- [Work to complete] What follows are records. Restate all of them word for word.

- [Excerpted data]
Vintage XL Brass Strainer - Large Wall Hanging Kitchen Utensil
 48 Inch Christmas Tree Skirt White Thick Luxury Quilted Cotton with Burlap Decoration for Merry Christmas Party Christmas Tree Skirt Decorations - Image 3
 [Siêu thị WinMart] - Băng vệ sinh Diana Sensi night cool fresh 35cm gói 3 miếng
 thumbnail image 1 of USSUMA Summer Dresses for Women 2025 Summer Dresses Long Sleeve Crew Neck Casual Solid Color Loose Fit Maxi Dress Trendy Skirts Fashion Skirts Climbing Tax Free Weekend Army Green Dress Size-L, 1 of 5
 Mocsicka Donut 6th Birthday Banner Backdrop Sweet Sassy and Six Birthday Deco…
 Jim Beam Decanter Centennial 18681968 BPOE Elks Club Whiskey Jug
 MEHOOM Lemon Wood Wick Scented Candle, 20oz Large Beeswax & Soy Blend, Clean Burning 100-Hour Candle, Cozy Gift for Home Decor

- [Result of this exercise]
Vintage XL Brass Strainer - Large Wall Hanging Kitchen Utensil
 48 Inch Christmas Tree Skirt White Thick Luxury Quilted Cotton with Burlap Decoration for Merry Christmas Party Christmas Tree Skirt Decorations - Image 3
 [Siêu thị WinMart] - Băng vệ sinh Diana Sensi night cool fresh 35cm gói 3 miếng
 thumbnail image 1 of USSUMA Summer Dresses for Women 2025 Summer Dresses Long Sleeve Crew Neck Casual Solid Color Loose Fit Maxi Dress Trendy Skirts Fashion Skirts Climbing Tax Free Weekend Army Green Dress Size-L, 1 of 5
 Mocsicka Donut 6th Birthday Banner Backdrop Sweet Sassy and Six Birthday Deco…
 Jim Beam Decanter Centennial 18681968 BPOE Elks Club Whiskey Jug
 MEHOOM Lemon Wood Wick Scented Candle, 20oz Large Beeswax & Soy Blend, Clean Burning 100-Hour Candle, Cozy Gift for Home Decor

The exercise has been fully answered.